According to this embodiment, note-on and note-off are determined based on the acquired performance signal (performance information), and the syllable corresponding to the timing determined as note-on is specified from the lyrics data. The control unit 11 (instruction unit 36) instructs to start pronunciation of the specified syllable at a timing corresponding to note-on, and also causes some of the phonemes constituting the specified syllable to correspond to note-off.
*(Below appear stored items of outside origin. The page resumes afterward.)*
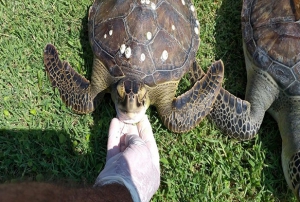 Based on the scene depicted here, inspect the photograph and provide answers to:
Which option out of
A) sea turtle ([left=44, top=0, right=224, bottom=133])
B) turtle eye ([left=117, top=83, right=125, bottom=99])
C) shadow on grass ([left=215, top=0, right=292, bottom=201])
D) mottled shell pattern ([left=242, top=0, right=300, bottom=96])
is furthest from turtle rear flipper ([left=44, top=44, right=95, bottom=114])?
mottled shell pattern ([left=242, top=0, right=300, bottom=96])

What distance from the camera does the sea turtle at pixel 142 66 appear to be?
2852 mm

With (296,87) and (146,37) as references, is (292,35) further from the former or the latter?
(146,37)

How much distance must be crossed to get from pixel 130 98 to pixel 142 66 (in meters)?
0.31

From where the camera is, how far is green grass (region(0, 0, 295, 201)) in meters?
3.02

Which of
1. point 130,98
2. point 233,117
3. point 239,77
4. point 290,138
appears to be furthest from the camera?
point 239,77

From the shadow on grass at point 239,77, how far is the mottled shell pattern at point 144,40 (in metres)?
0.60

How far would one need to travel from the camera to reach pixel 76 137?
311 centimetres

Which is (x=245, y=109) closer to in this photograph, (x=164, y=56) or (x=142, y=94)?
(x=164, y=56)

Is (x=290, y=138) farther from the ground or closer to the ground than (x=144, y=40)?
closer to the ground

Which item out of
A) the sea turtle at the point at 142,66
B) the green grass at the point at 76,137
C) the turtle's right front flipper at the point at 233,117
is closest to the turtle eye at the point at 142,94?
the sea turtle at the point at 142,66

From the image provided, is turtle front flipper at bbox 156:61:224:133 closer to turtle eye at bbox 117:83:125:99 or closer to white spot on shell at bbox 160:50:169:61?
white spot on shell at bbox 160:50:169:61

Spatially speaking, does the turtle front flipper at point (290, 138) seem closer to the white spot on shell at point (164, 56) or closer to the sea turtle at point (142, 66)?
the sea turtle at point (142, 66)

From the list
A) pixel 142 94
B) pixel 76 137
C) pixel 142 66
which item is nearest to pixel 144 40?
pixel 142 66

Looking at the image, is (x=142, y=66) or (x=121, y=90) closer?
(x=121, y=90)
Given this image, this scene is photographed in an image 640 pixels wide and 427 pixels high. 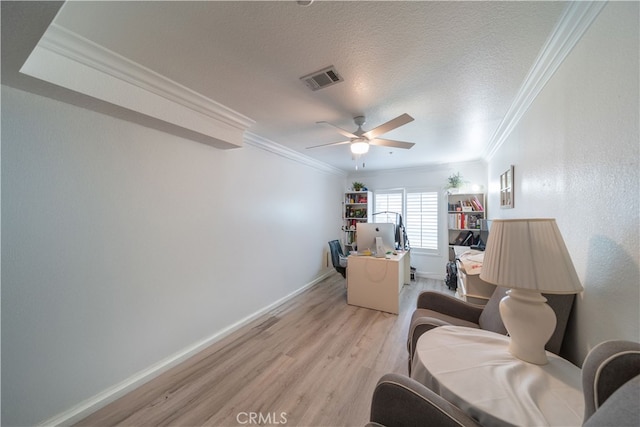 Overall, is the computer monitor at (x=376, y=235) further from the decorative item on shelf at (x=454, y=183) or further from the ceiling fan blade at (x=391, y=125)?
the decorative item on shelf at (x=454, y=183)

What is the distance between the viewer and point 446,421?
82 cm

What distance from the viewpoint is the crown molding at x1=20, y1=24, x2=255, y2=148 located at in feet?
4.17

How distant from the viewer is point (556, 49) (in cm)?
133

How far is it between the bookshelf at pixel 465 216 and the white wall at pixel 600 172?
3.00 m

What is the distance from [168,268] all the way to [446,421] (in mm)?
2239

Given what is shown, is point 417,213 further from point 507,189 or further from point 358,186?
point 507,189

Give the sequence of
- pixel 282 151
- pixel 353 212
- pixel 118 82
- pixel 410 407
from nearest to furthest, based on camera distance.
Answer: pixel 410 407 < pixel 118 82 < pixel 282 151 < pixel 353 212

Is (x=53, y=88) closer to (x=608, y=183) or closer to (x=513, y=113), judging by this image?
(x=608, y=183)

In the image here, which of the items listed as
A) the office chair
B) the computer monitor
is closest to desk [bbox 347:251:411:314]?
the computer monitor

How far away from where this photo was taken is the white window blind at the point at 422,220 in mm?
4695

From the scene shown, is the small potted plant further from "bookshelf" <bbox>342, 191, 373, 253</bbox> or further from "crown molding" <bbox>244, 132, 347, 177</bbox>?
"crown molding" <bbox>244, 132, 347, 177</bbox>

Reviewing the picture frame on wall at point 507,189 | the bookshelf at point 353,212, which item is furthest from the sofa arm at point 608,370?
the bookshelf at point 353,212

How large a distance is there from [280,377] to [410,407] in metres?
1.39

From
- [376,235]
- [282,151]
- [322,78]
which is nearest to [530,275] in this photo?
[322,78] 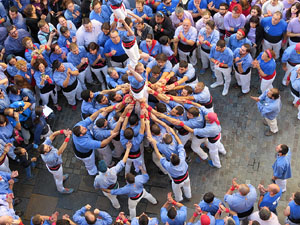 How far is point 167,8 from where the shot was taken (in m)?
11.6

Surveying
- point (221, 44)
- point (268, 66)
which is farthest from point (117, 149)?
point (268, 66)

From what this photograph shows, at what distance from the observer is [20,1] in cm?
1224

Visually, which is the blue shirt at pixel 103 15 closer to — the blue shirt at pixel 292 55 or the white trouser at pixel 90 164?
the white trouser at pixel 90 164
Instruct them to pronounce it at the appropriate timing. Therefore, it is possible to pronounce syllables according to the performer's intention.

In particular, when the language is English, if there is a consonant at the end of the identified syllable, the control unit 11 instructs to start pronunciation from the first phoneme at the timing corresponding to note-on. Furthermore, the control unit 11 instructs to pronounce the remaining phonemes including the final consonant at the timing corresponding to note-off. Therefore, the final consonant can also be pronounced with step 1.

Furthermore, in response to the performance depth newly passing (crossing) the first threshold value THA to the shallow side, the control unit 11 instructs to start producing the remaining phonemes. Further, the control unit 11 instructs to terminate pronunciation of the final consonant in the remaining phoneme in response to the performance depth newly passing the second threshold value THB to the shallow side. Therefore, the pronunciation length of the consonant can be adjusted by the performance operation.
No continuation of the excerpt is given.